[Captioned web image data]
☆ ☆ ☆ ☆
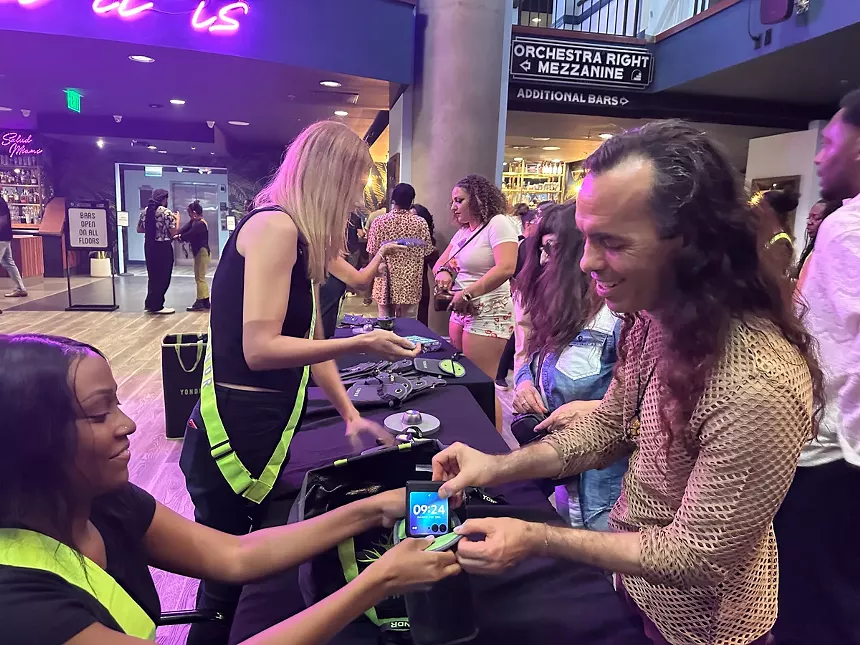 Concert attendees placing cellphones in locked pouches.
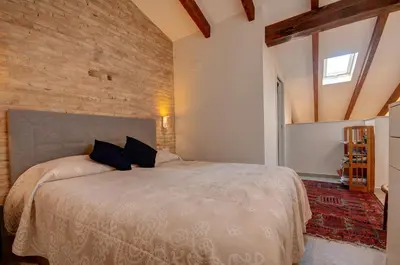 a bedroom with a large bed with a brick wall at Beds & Breaks Verdi 2 in Valencia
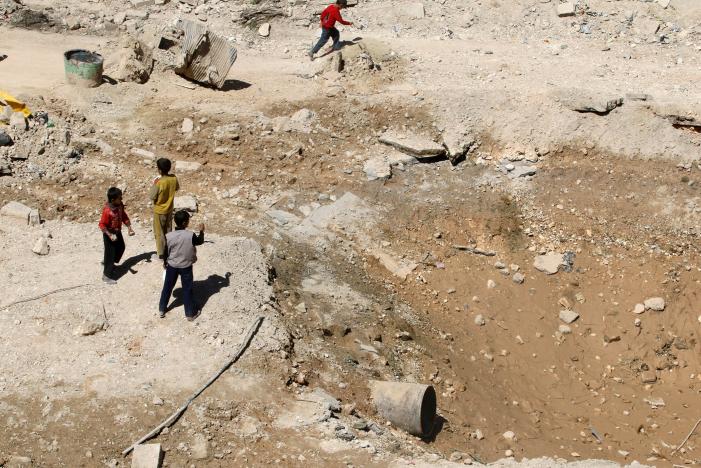 Boys stand near a crater at a damaged site in a rebel held area of Aleppo, Syria September 25, 2016. REUTERS/Abdalrhman Ismail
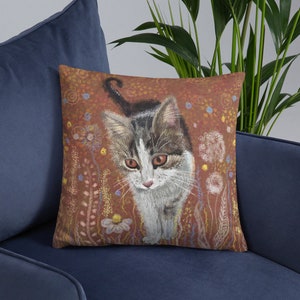 May include: A throw pillow with a colorful illustration of a tabby cat walking through a field of flowers. The cat has white fur with brown and gray stripes. The background is a warm brown color with a variety of flowers and plants in shades of pink, purple, and yellow.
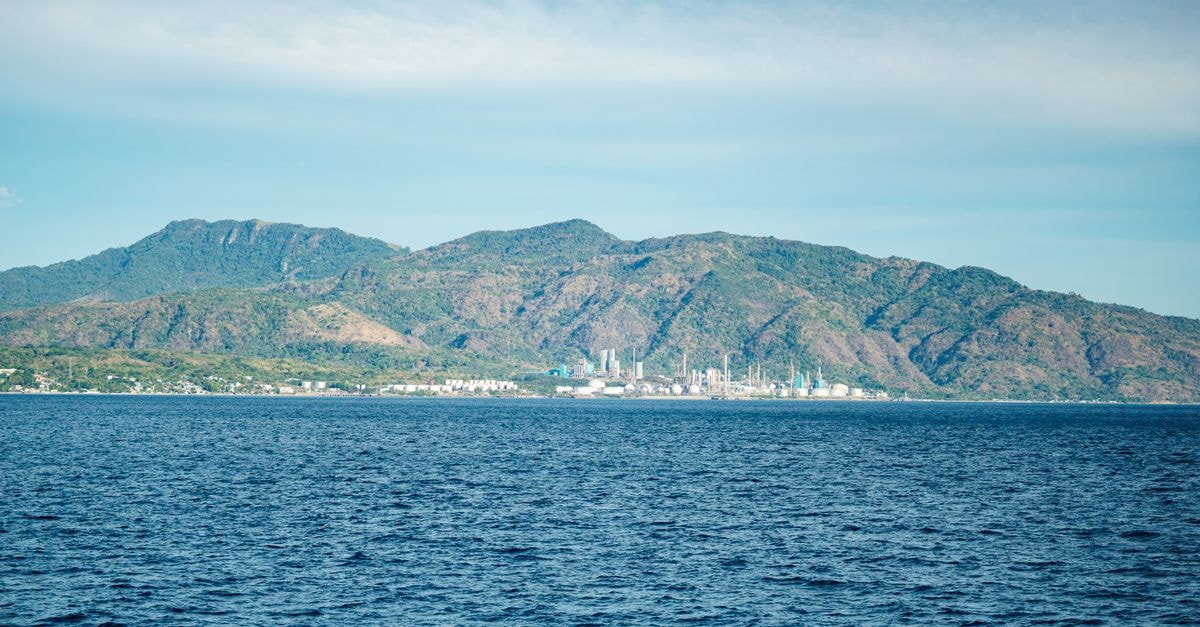 Livewire Planet Suites in General Santos: A Calm Stay Near the City Core A beautiful coastal scene with mountains in the background under a clear blue sky.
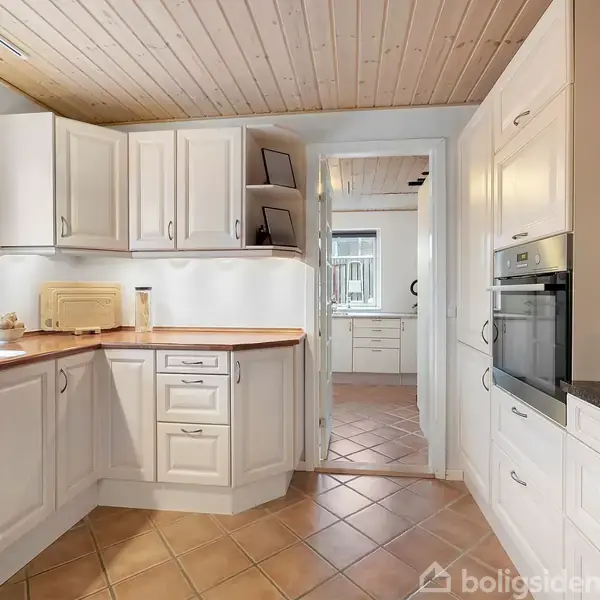 Et lyst køkken med hvide skabe og træbordplade. En vask står under et vindue, mens en ovn er indbygget til højre. Fliser dækker gulvet, og gangen fører til et tilstødende rum.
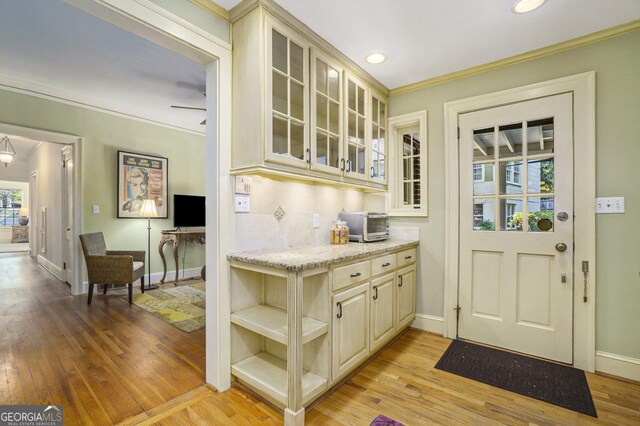 1821 N Rock Springs Rd NE, Atlanta, GA 30324 - kitchen with cream cabinetry, light wood finished floors, ornamental molding, glass insert cabinets, and recessed lighting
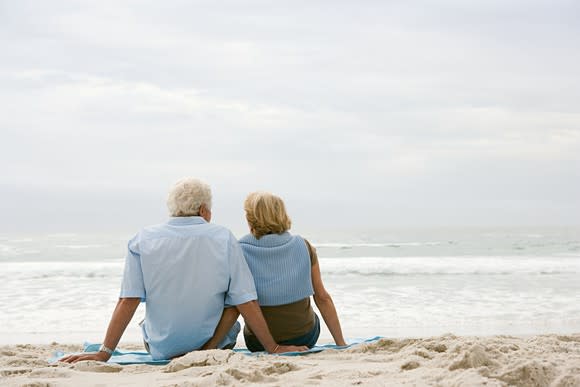Senior couple at the beach, facing the ocean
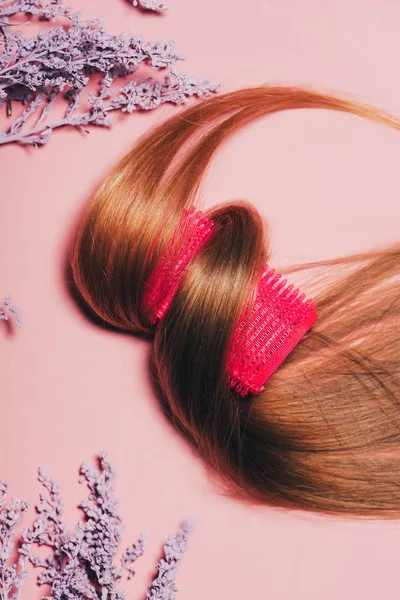 Vue de dessus des cheveux roulés sur le bigoudis avec des fleurs sur la surface rose — Photo de stock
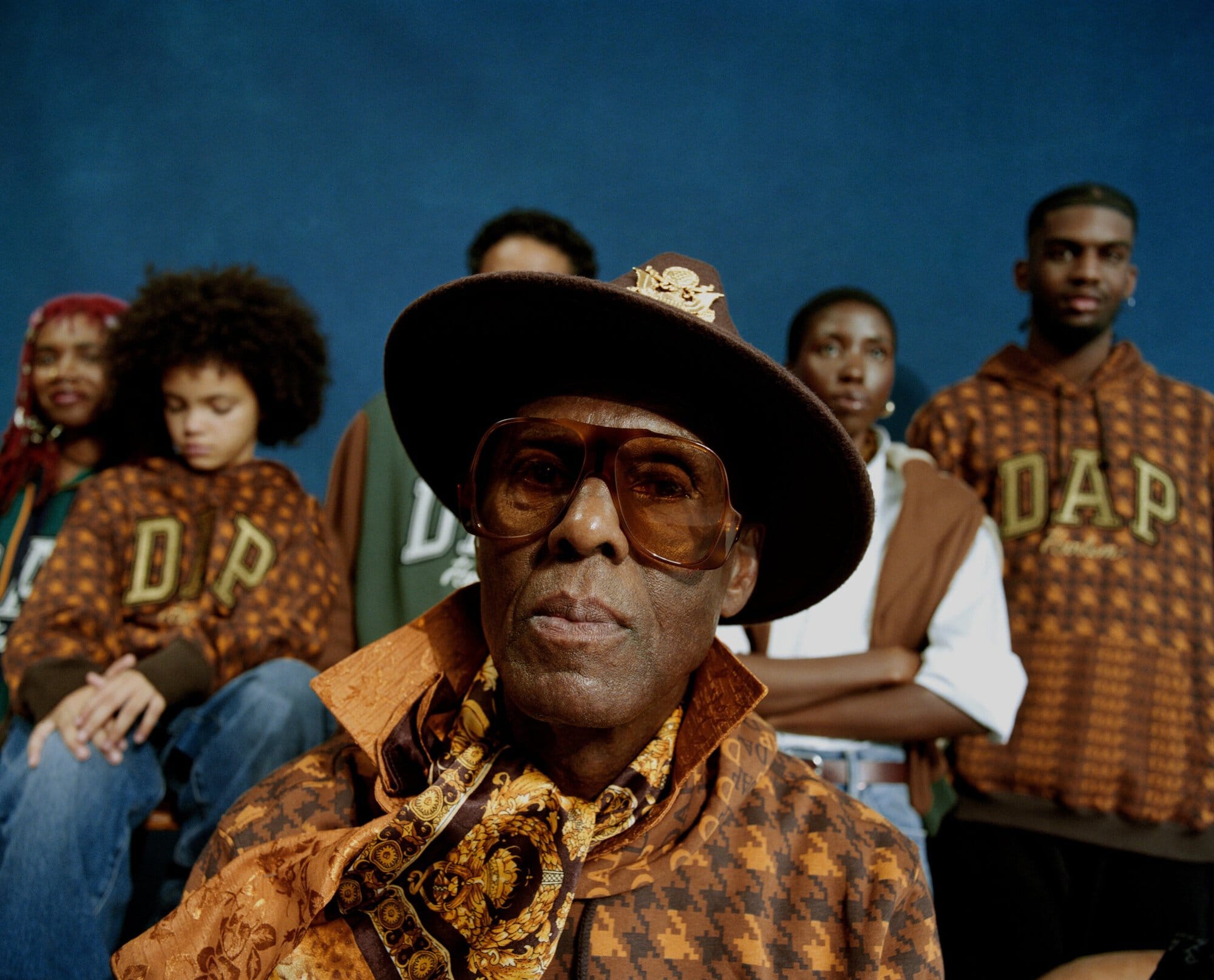 Group portrait featuring a mature African American man in a brown hat and patterned jacket, alongside others in matching hoodies against a blue backdrop.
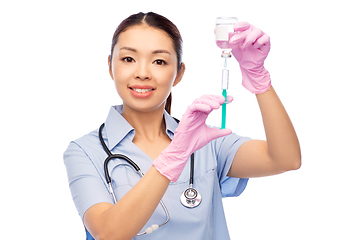 Image showing happy asian female nurse with medicine and syringe
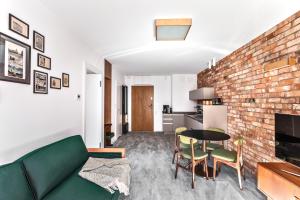 ein Wohnzimmer mit einem grünen Sofa und einer Ziegelwand in der Unterkunft Apartament Pionier41 in Stettin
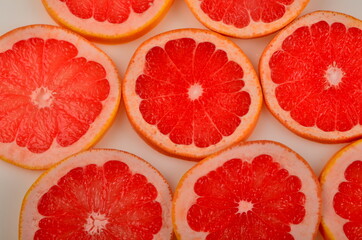 Slices Red grapefruit background, Citrus fruit background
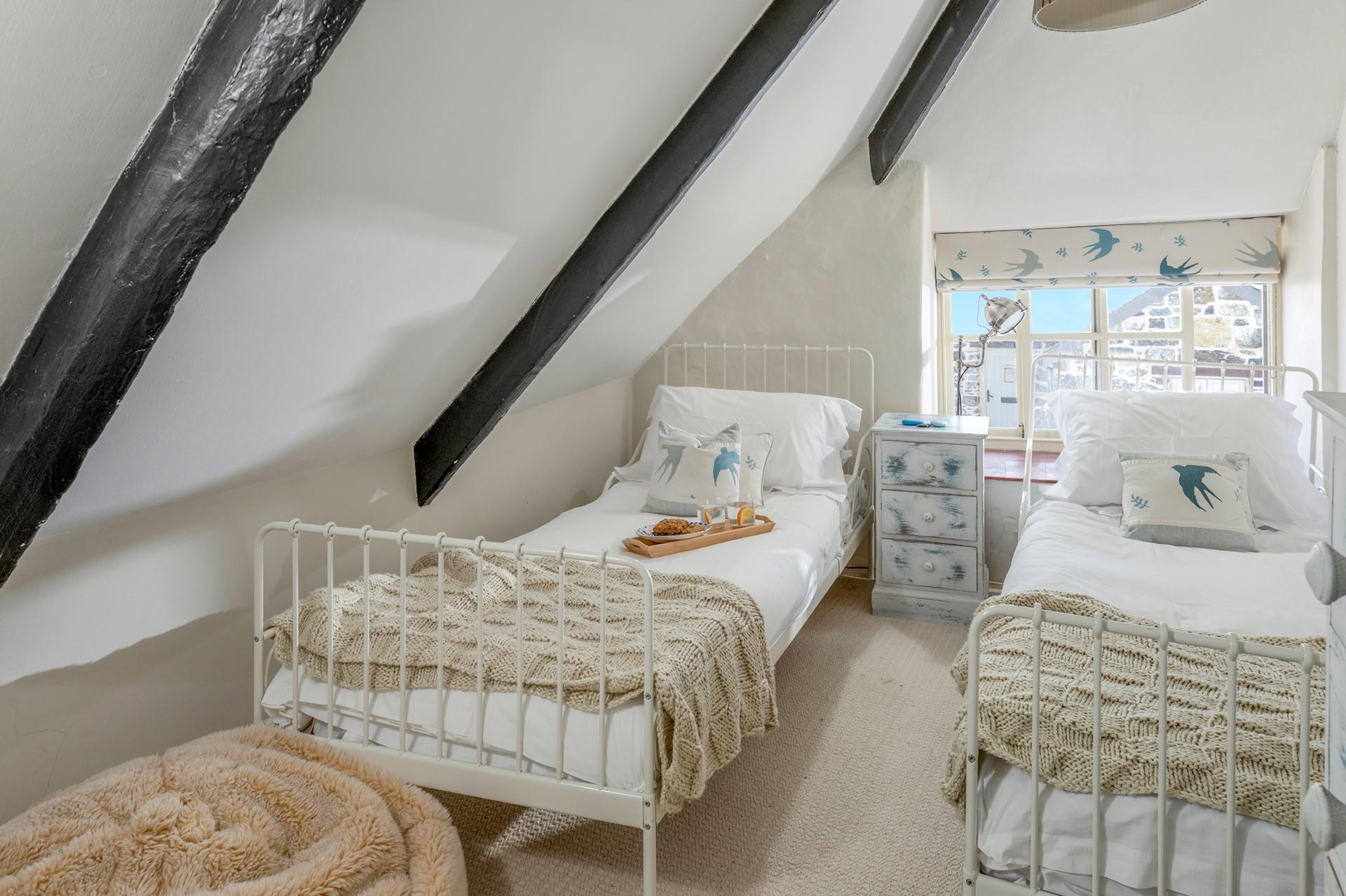 The twin beds are perfect for relaxing evenings after busy days.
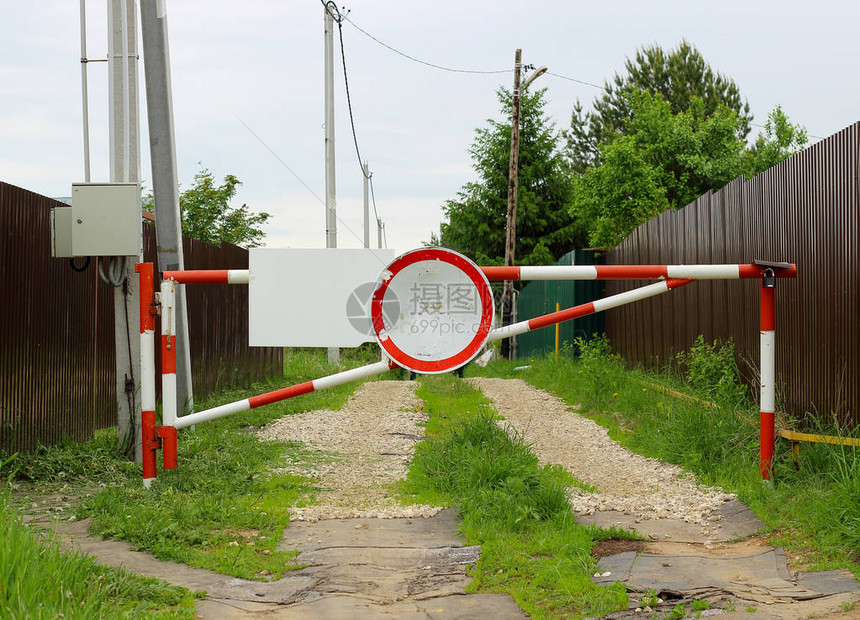 公路上封闭的红白条纹铁栅栏和交通标志图片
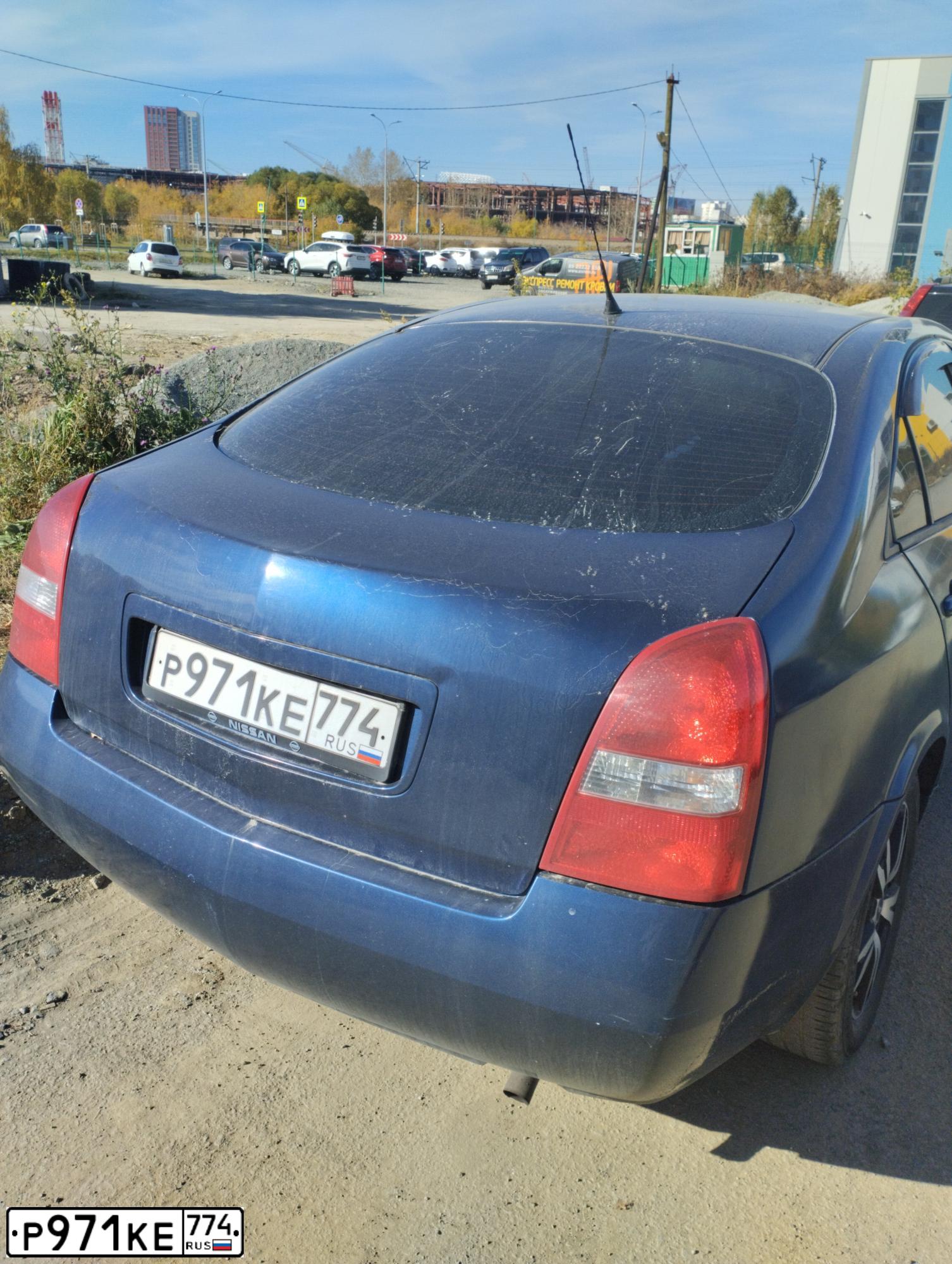 Фото автомобиля NISSAN PRIMERA, 2004 — госномер Р971КЕ774. Цвет: Темно-синий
☆ ☆ ☆ ☆
**Your goal:** Keep each line of the records exactly as it is while transcribing them, but leave the images behind.

**Your solution:**
 Concert attendees placing cellphones in locked pouches.
 a bedroom with a large bed with a brick wall at Beds & Breaks Verdi 2 in Valencia
 Boys stand near a crater at a damaged site in a rebel held area of Aleppo, Syria September 25, 2016. REUTERS/Abdalrhman Ismail
 May include: A throw pillow with a colorful illustration of a tabby cat walking through a field of flowers. The cat has white fur with brown and gray stripes. The background is a warm brown color with a variety of flowers and plants in shades of pink, purple, and yellow.
 Livewire Planet Suites in General Santos: A Calm Stay Near the City Core A beautiful coastal scene with mountains in the background under a clear blue sky.
 Et lyst køkken med hvide skabe og træbordplade. En vask står under et vindue, mens en ovn er indbygget til højre. Fliser dækker gulvet, og gangen fører til et tilstødende rum.
 1821 N Rock Springs Rd NE, Atlanta, GA 30324 - kitchen with cream cabinetry, light wood finished floors, ornamental molding, glass insert cabinets, and recessed lighting
Senior couple at the beach, facing the ocean
 Vue de dessus des cheveux roulés sur le bigoudis avec des fleurs sur la surface rose — Photo de stock
 Group portrait featuring a mature African American man in a brown hat and patterned jacket, alongside others in matching hoodies against a blue backdrop.
 Image showing happy asian female nurse with medicine and syringe
 ein Wohnzimmer mit einem grünen Sofa und einer Ziegelwand in der Unterkunft Apartament Pionier41 in Stettin
 Slices Red grapefruit background, Citrus fruit background
 The twin beds are perfect for relaxing evenings after busy days.
 公路上封闭的红白条纹铁栅栏和交通标志图片
 Фото автомобиля NISSAN PRIMERA, 2004 — госномер Р971КЕ774. Цвет: Темно-синий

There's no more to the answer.